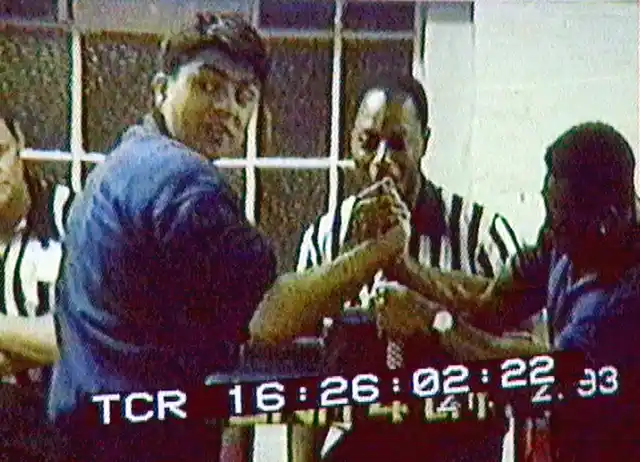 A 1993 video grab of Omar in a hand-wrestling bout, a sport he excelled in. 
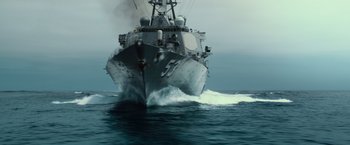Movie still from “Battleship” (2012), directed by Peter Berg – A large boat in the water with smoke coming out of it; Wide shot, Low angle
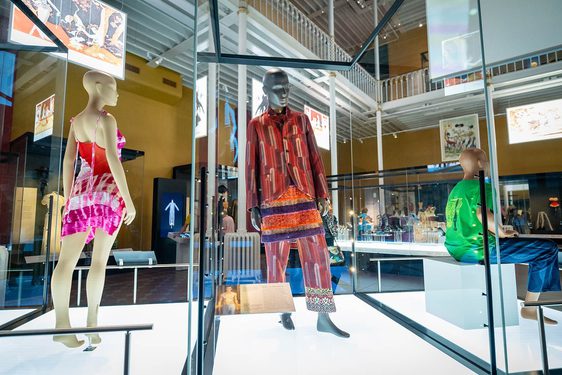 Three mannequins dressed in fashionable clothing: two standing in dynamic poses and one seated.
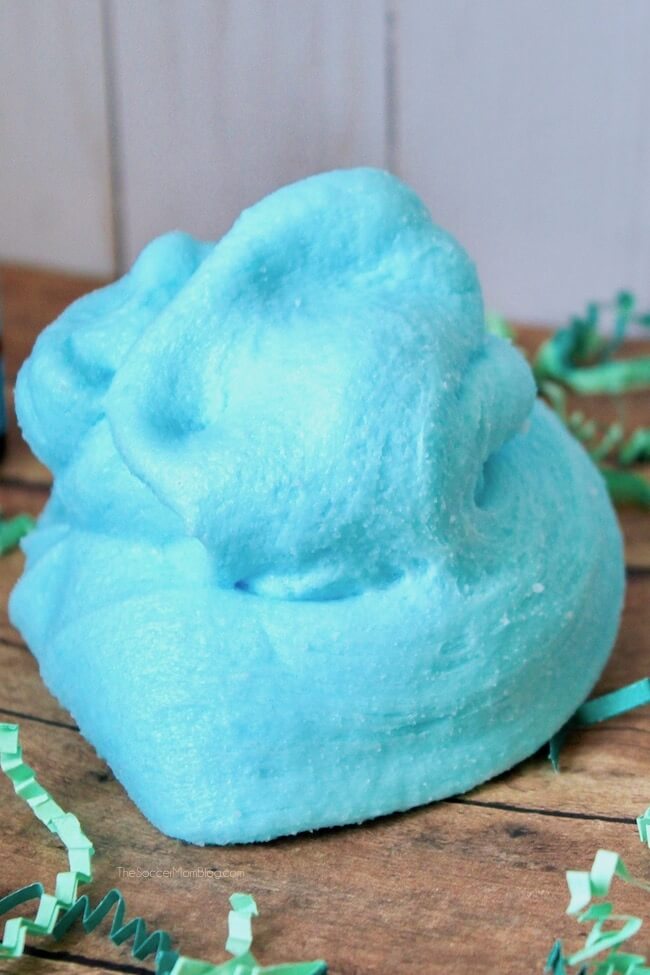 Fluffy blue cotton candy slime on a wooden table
※ ※ ※
◆ Exercise details ◆
Without any pictures, restate word for word only the lines from the one with "Movie still from" through the end of the listing.

◆ Exercise response ◆
Movie still from “Battleship” (2012), directed by Peter Berg – A large boat in the water with smoke coming out of it; Wide shot, Low angle
 Three mannequins dressed in fashionable clothing: two standing in dynamic poses and one seated.
 Fluffy blue cotton candy slime on a wooden table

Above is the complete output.